Most anything after the early 90s are probably DDD and sound good.
This is sad but true. However we forget the travesties of sound of the past. The reality is that the vast majority of people don’t care all that much, but the base level of sound that people get has improved across the board. It was the Sony Walkman that defined portable sound in the 80’s. It is worth comparing with that. The WM2 didn’t have Dolby, which was both odd, and a limitation. I remember having different tapes for the car and the Walkman because of this.
You can get fantastic sound in an iPod with earbud phones - but the phones that come with the iPod are crud. Sadly many of the after market phones are not great, and many are designed to deliver coloured, bass heavy, sound. Personally I rip everything I listen to with a lossless coder, and I’m happy to say that I come across more and more people who do the same. Storage for portable players is now so cheap that there is no excuse not to rip with a high quality coder.

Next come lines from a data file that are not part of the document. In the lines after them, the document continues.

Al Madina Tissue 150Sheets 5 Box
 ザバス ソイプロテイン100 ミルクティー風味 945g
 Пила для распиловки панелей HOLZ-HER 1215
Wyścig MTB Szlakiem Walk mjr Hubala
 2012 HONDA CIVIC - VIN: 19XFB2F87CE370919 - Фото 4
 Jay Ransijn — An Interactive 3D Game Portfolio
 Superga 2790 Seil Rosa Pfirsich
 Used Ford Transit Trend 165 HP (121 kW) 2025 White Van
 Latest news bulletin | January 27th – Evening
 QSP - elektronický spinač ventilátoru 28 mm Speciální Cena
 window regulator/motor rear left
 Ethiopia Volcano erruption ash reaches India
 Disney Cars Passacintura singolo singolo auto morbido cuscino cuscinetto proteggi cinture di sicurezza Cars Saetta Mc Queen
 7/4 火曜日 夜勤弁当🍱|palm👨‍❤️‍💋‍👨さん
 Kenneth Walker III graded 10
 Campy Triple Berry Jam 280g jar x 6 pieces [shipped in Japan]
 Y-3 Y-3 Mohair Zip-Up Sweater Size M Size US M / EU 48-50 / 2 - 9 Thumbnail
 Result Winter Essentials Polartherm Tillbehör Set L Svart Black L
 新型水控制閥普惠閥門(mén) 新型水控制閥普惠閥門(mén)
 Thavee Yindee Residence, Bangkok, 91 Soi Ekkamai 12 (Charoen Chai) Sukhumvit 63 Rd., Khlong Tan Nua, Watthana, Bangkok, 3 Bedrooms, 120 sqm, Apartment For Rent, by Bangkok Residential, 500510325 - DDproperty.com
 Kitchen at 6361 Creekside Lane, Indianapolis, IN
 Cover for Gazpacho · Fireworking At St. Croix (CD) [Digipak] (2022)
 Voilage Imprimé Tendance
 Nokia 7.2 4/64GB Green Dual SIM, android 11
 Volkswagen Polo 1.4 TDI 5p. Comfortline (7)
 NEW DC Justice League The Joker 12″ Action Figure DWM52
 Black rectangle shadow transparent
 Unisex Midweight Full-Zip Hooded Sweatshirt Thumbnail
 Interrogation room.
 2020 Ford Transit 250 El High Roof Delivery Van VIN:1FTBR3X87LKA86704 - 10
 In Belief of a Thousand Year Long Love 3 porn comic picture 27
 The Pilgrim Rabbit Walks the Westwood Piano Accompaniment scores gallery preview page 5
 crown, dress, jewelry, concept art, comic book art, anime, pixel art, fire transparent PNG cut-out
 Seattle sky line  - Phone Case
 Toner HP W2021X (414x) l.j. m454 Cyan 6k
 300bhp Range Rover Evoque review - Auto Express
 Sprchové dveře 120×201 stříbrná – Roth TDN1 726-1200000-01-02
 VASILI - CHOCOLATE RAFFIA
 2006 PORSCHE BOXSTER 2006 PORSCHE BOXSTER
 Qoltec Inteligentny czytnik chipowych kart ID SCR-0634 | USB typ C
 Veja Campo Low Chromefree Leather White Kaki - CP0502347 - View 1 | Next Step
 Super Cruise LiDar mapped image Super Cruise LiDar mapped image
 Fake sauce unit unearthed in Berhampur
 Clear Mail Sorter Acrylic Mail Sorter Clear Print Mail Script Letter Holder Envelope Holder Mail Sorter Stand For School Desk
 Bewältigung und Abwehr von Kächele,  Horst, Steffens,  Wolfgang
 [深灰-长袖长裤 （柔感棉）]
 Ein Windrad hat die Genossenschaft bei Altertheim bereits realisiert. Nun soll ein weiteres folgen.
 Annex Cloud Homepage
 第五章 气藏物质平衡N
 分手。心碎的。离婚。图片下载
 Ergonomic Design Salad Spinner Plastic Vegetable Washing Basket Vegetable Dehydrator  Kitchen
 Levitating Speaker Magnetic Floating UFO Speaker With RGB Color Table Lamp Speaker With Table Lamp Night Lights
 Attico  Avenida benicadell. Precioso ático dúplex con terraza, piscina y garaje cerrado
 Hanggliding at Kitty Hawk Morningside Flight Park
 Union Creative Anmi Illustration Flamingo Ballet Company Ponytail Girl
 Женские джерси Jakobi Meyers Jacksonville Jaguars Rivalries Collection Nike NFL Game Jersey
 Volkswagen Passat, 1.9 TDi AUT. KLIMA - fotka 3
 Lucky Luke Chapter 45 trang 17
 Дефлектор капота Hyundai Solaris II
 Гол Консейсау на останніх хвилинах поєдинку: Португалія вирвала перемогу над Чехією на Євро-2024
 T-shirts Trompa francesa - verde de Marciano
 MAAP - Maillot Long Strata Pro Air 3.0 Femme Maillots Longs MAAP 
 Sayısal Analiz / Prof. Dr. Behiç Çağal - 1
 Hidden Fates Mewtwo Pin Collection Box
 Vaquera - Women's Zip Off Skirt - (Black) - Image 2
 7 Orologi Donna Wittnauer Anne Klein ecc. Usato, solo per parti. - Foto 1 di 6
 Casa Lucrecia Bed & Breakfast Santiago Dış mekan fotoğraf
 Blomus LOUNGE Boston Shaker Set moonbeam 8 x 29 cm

High bitrate or variable bitrate MP3 is actually very good, it is the low bitrate encodings that got MP3 a poor reputation.
The reality is that it is home theatre where the action is. And here the expectations have changed. But people are spending big money of home theatre setups, and putting effort into the sound. And car systems don’t have to be horrid boomboxes. The yoof of today, with bass to shake ones teeth out are not the norm. My car has a sound system that is ridiculously good. Cars have the advantage that they are a fixed known space, so a designer can craft the system to fit with remarkable accuracy. The downside is that it is, well, still in a car, and you fight road noise. Both in-car and home theatre systems have embraced technology in a way that HiFi seems to have avoided.
But the nature of listening has changed quite a bit. Indeed, what you don’t get are people listening at home to albums as a whole, as a single listening for pleasure experience. For many music is, and has always been, a background thing.
Th Cooder’s “Bop 'til You Drop” was the first pop album to be recorded, mixed, and mastered digitally.